A South Dakota tribe is fighting to grow industrial hemp, even though it’s illegal in South Dakota.
Wednesday the Flandreau Santee Sioux Tribe took its case to federal court to try and get the U.S. Department of Ag to accept its plan to grow it.
Attorneys for the Flandreau Santee Sioux Tribe argued in Federal Court that Congress made industrial hemp legal in the 2018 Farm Bill and they want to capitalize on the newly approved ag product.
“Currently hemp is a $700 million industry in the United States alone and participating in that market could be the next great business venture for the tribe,” tribal attorney Seth Pearman said.
They say it’ll create jobs and other economic opportunities for tribal members.
The tribe submitted a plan back in March to the Department of Ag to grow hemp on 6,000 acres on three sites.

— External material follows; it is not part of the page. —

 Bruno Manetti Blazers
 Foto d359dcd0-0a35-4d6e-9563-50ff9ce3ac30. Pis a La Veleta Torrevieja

The U.S. Secretary of Ag still hasn’t made a ruling on the plan.
Tribal attorney Ben Fenner said in court, he wants the courts to force the USDA to do its job.
“Review our plan within 60 days of the receipt, as Congress implies, if you read the statute it’s in violation of that provision,” tribal attorney Ben Fenner said.
But the U.S. Attorney’s Office argued that even though Congress made hemp legal in the 2018 Farm Bill, the Department of Ag still hasn’t put regulations in place that are consistent for all states and tribes to follow and they wouldn’t be put in place for the 2019 growing season.
“That’s not the tribe’s position, we think the 2018 farm bill provides situations, we can follow the controlled substance act and other federal laws to actually grow hemp,” Pearman said.
Federal judge Karen Schrier says she’ll make a ruling on the case by Thursday.